**Exercise directions**
Repeat exactly the lines from the line containing "Lane Bryant 26" to the last line of the listing, including both.

(Beginning of Available data)

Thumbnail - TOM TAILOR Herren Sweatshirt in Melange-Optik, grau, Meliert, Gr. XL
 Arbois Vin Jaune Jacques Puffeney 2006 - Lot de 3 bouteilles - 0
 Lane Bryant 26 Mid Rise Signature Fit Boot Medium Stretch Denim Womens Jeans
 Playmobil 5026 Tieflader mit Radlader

(End of Available data)

**Result**
 Lane Bryant 26 Mid Rise Signature Fit Boot Medium Stretch Denim Womens Jeans
 Playmobil 5026 Tieflader mit Radlader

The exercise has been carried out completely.